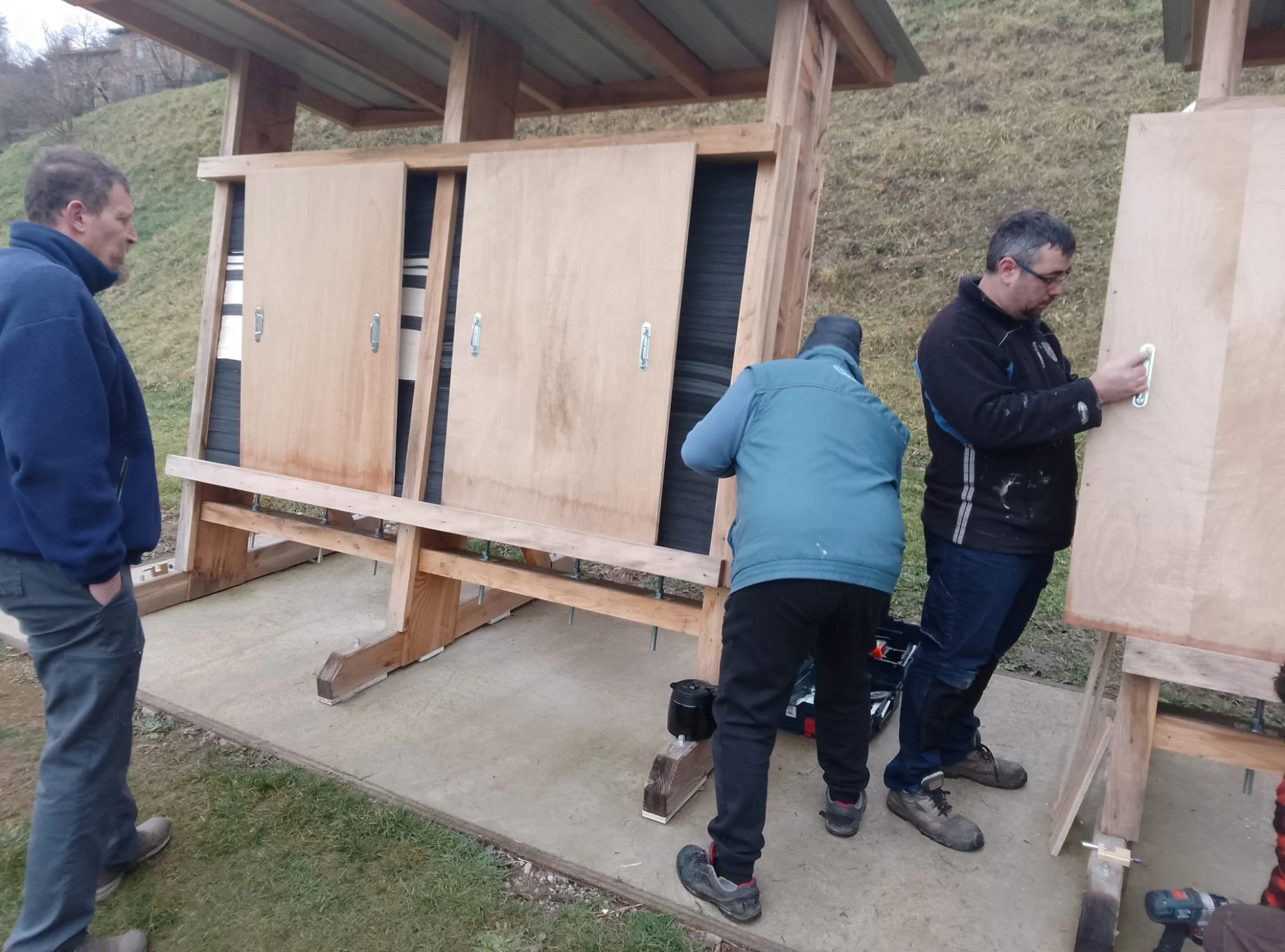 Finitions du mur des Pinasses janvier 2025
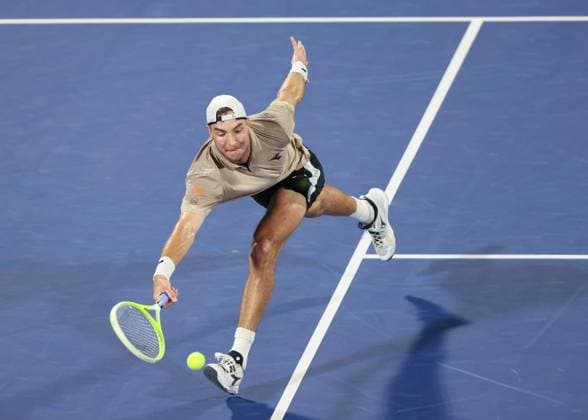 Jan Lennard Struff GER , Dubai Duty Free Tennis Championships, Dubai, U A E Tennis Dubai Tennis Championships 2025 ATP Dubai Duty Free Tennis Stadium Dubai United Arab Emirates 25 February 2025 Copyright: xJuergenxHasenkopfx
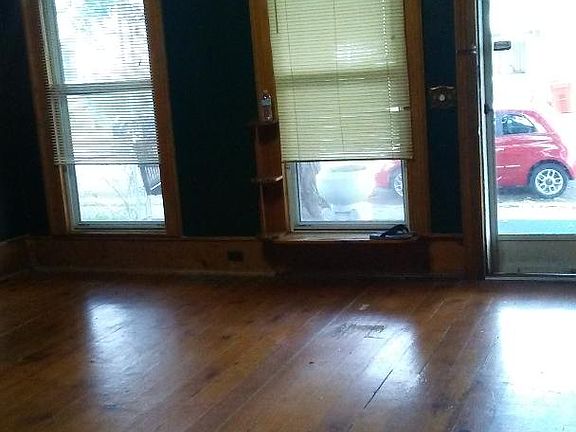 5th image of 2820 Montgomery St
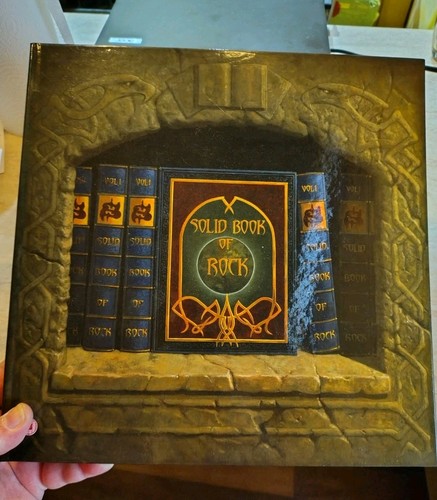 Saxon solid book rock - book, [box]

Work required:
Give the data above again exactly. Leave the pictures out.

Written solution:
 Finitions du mur des Pinasses janvier 2025
 Jan Lennard Struff GER , Dubai Duty Free Tennis Championships, Dubai, U A E Tennis Dubai Tennis Championships 2025 ATP Dubai Duty Free Tennis Stadium Dubai United Arab Emirates 25 February 2025 Copyright: xJuergenxHasenkopfx
 5th image of 2820 Montgomery St
 Saxon solid book rock - book, [box]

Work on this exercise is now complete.